It is natural that counseling professionals have a probability of encountering persons with whom they have had personal relationships in the course of executing their duties. The fact raises a lot of questions regarding the involvement of therapists with close persons. There are situations when counselors have been successful in doing therapy to their close friends especially if the therapist and the patient live in a big town. However, negative implications have been significant on many occasions.
A therapist cannot provide his/her services to a patient with whom he/she has had a personal relationship because it is against the fundamental rule in psychotherapy. The rule states that there should be no relationship with the patient outside the consulting room and objectivity and neutrality should be maintained towards the patient. A therapeutic relationship should not be a friendship because the therapist and the patient should not have a relationship outside the consulting room. There is a danger of a therapy session not being effective because if a patient is a close friend to the therapist, it means he/she understands the traits of the therapist. For instance, a patient can know that the therapist doesn’t like people who lie in a relationship, if the patient has not been faithful to his/her partner, then the information cannot be easily given to the counseling profession. Since the therapist only works with the information at hand, then the amount of help is limited. The disadvantage with friendship is that both parties regularly share who they are and that is why it may be a disaster for therapy to provide services to a close person. A therapist also tends to be biased in friend and family relationships, and thus they have difficulty in being objective in their profession. Hence, therapists should avoid scenarios where therapy goals and success may be hindered.
Given the fact that there is the impossibility of perfection in the counselling profession, there are a lot of negative implications posed to clients as a result of violations by therapists. Regularly, ethical violations can be difficult to identify, and clients should be keen to notice the loopholes. Since there are no perfect ways of doing therapy, professionals should do everything to protect every person who gets their services. However, to balance punishment vs rehabilitation by considering the harm that clients may be exposed to, as a member of the board, I will base my decisions on the complaints received from clients. Therefore, clients should be motivated to give an honest report to the organization for any legal actions to be taken in advance. If the report received from the client shows that there are some minor mistakes from the therapist, then the therapist shall be notified of the difficulty the client is undergoing, and the board shall give suggestions to improve the situation. For instance, if the therapy commits minor errors while doing therapy, the errors can violate a patient, but it may not attract charges against the therapists.

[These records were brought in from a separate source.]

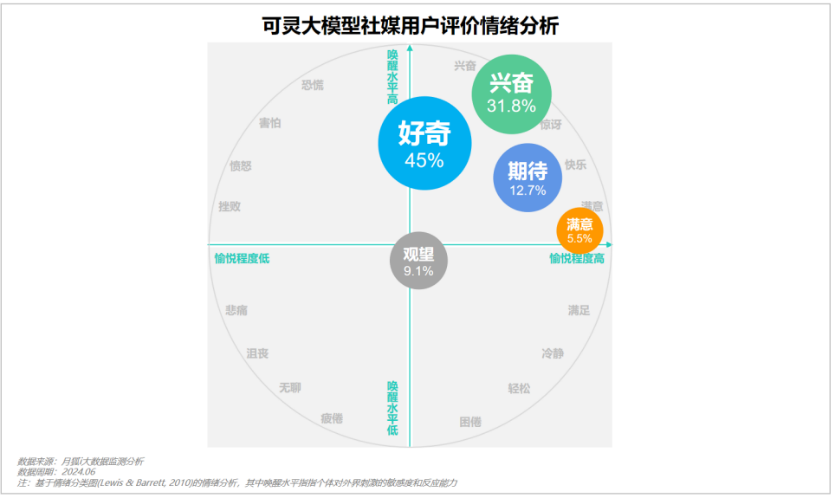 文生视频大模型，短视频的过弯点？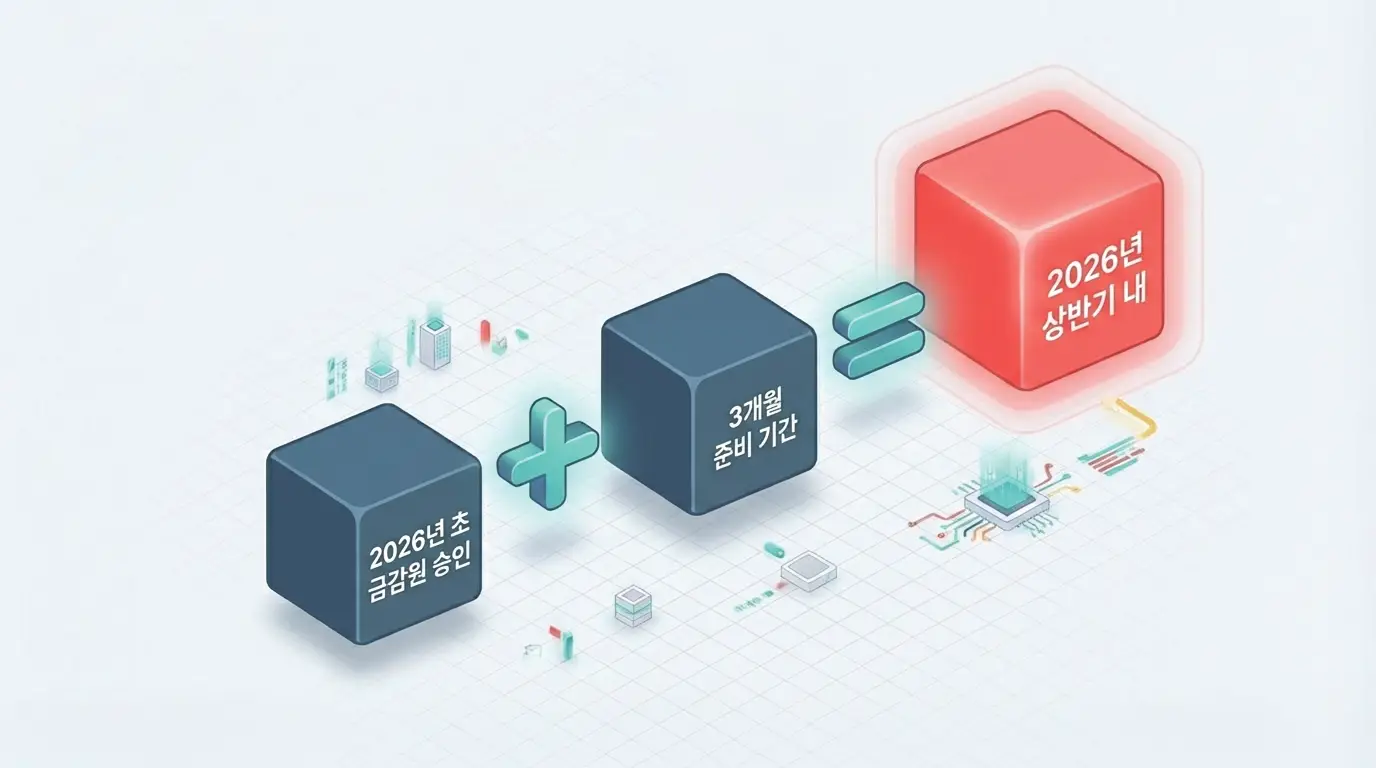 토스뱅크 애플페이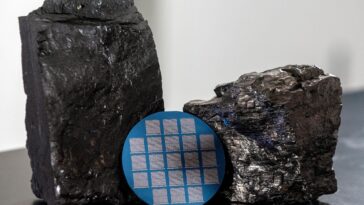 SciTechDaily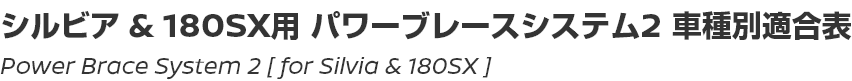 Power Brace System 2 [for Silvia & 180SX]/シルビア & 180SX用パワーブレースシステム2 車種別適合表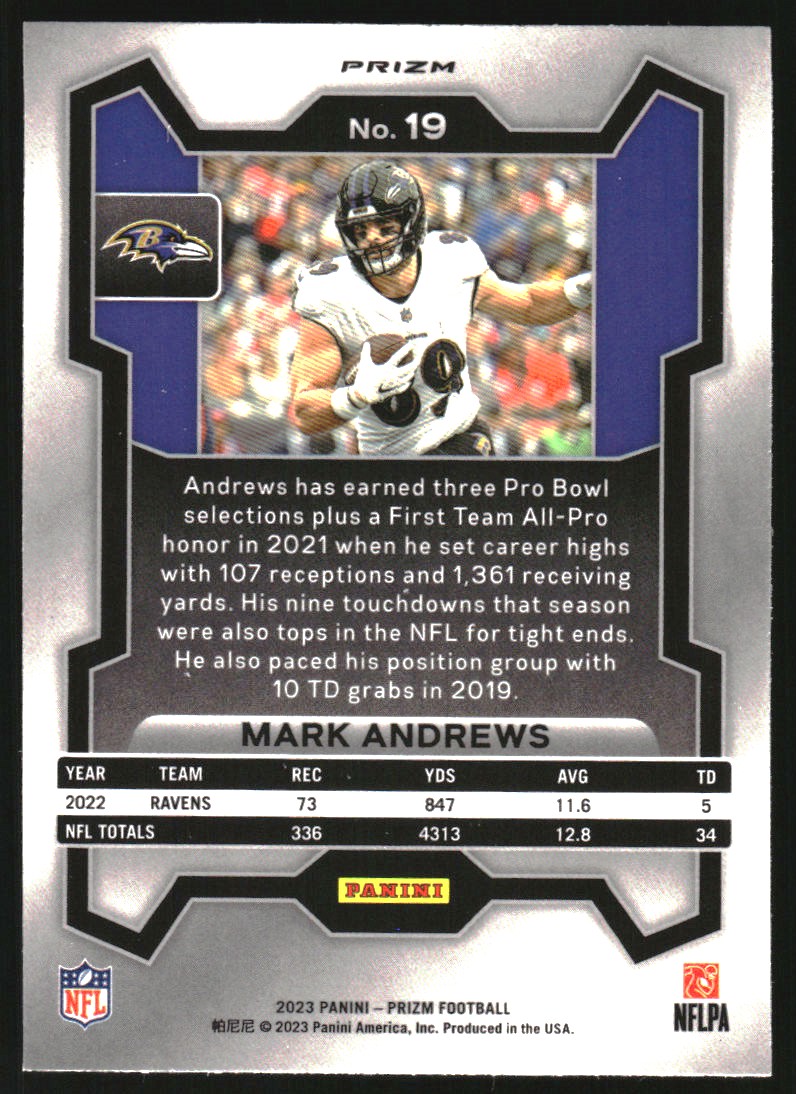 2023 Panini Prizm Prizms Neon Green Pulsar #19 Mark Andrews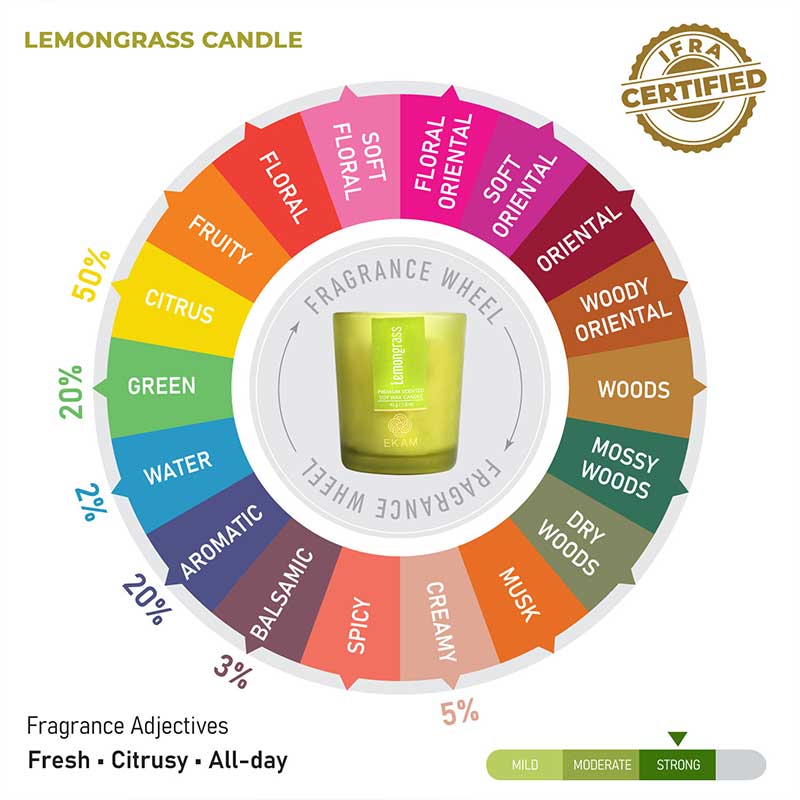 Lemongrass Shot Glass Scented Candle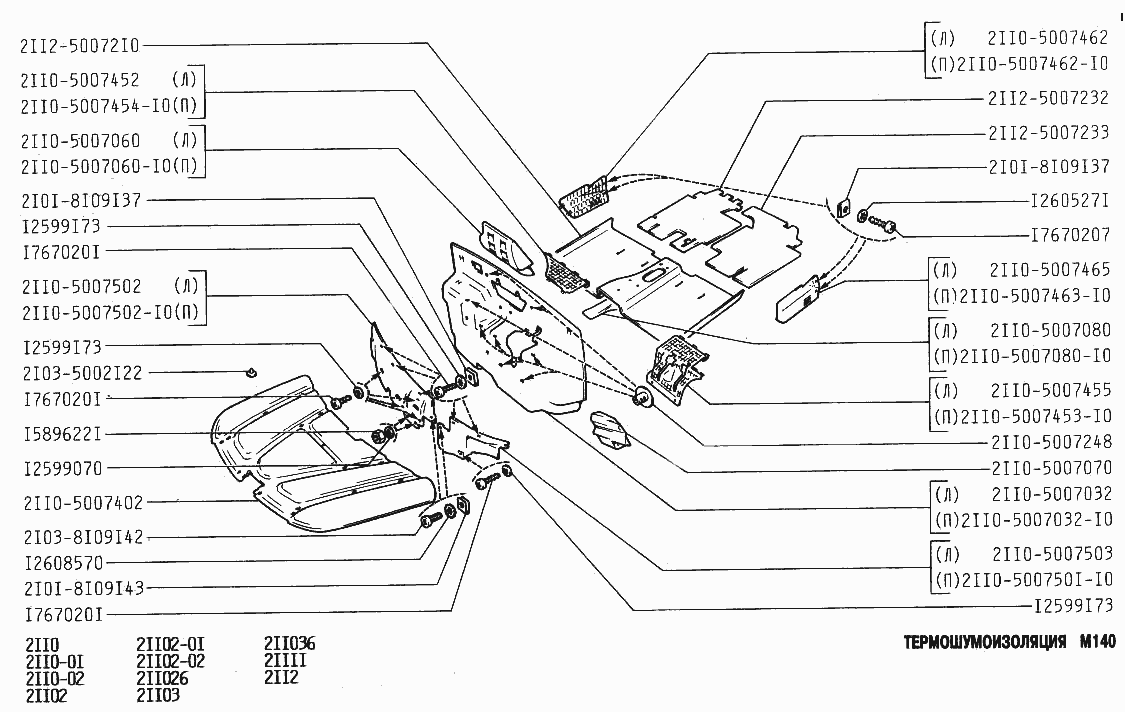Термошумоизоляция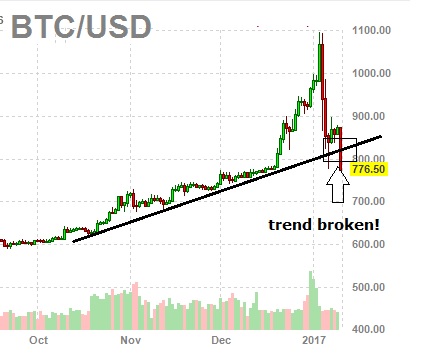 What Caused The 2018 Bitcoin Crash - What Caused The Bitcoin Price Crash? $12000 to $9900 ... / The bitcoin dream is dead.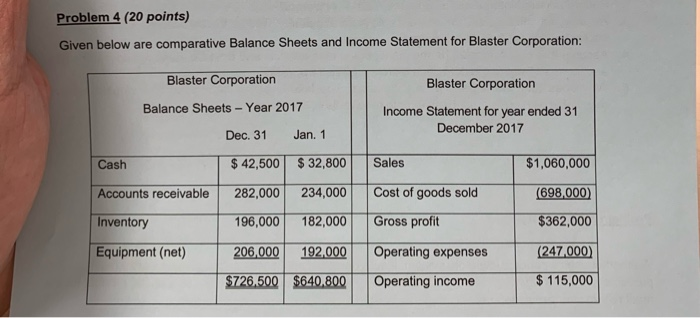  Problem 4 (20 points) Given below are comparative Balance Sheets and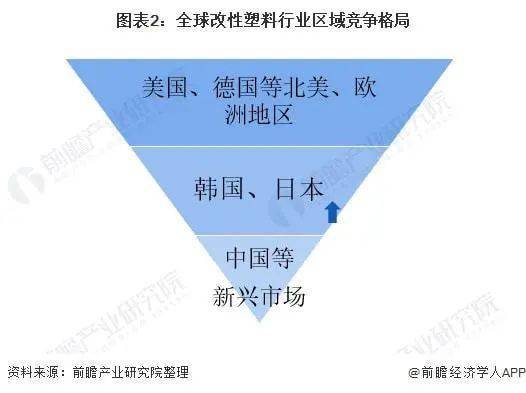 改性塑料需求将大幅提升预计2026年全球改性塑料需求量达13亿吨(图2)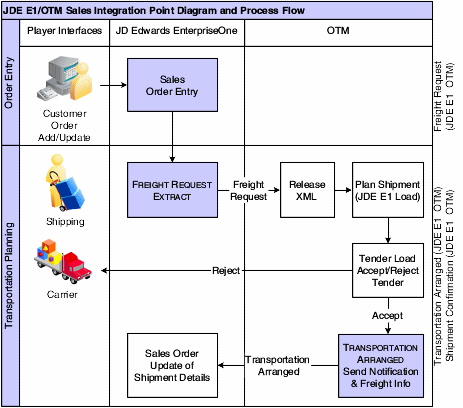 JD Edwards EnterpriseOne Sales Integration to Oracle Transportation Management (1 of 2)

If the complaints show some serious issues with the therapists, then punishment is considered. Violations such as practising sexual relationship with clients and encouraging harmful activities such as crime should lead to automatic loss of license and possible legal actions against the therapists. Therapists should not be given a second chance if they commit severe violations because the outcomes are disastrous to both the clients and the society. Minor mistakes can be unintentional or due to inadequate training and such errors can be pardoned.
However, frequent minor mistakes should not be tolerated as it encourages laxity in the profession; warnings should be given to such therapists. The counselling profession should be given the seriousness it deserves.